- Problem to work on: Only the lines below from the one with "台湾風鶏の唐揚げ　スパイシーフライドチキン 138805706" through the one with "Villa Dea - Dein" are to be written out, exactly and without any images.

- Data:
□ □ □ □ □

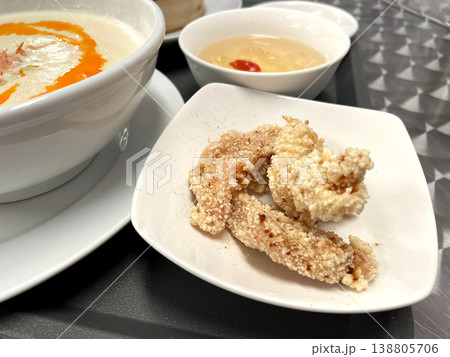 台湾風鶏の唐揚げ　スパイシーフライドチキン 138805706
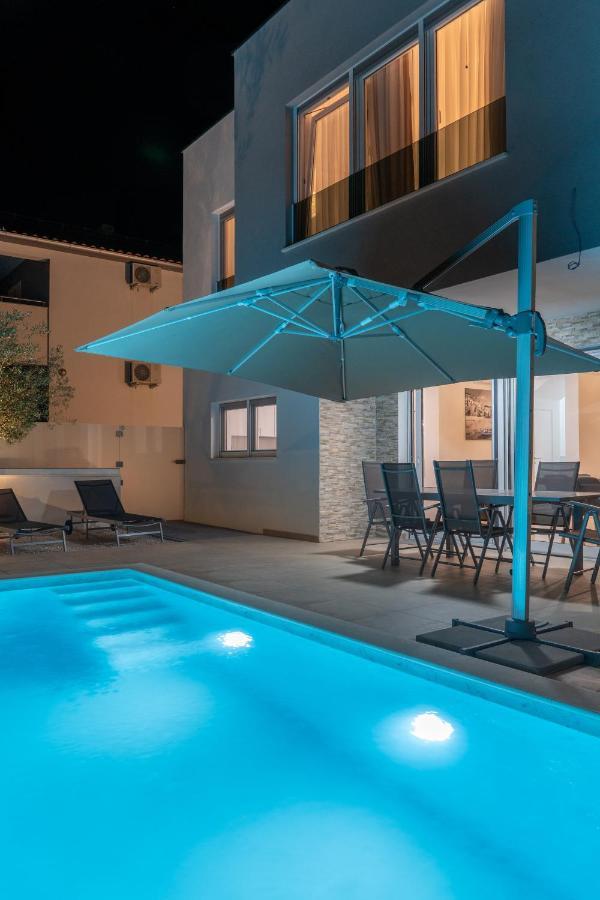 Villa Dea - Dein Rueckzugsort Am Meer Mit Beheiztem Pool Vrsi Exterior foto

□ □ □ □ □

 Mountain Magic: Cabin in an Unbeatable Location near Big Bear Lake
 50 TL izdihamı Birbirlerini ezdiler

□ □ □ □ □

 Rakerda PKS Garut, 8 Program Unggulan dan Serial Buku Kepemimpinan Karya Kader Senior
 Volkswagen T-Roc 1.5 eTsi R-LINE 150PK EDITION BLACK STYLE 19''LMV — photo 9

□ □ □ □ □

- Answer section:
 台湾風鶏の唐揚げ　スパイシーフライドチキン 138805706
 Villa Dea - Dein Rueckzugsort Am Meer Mit Beheiztem Pool Vrsi Exterior foto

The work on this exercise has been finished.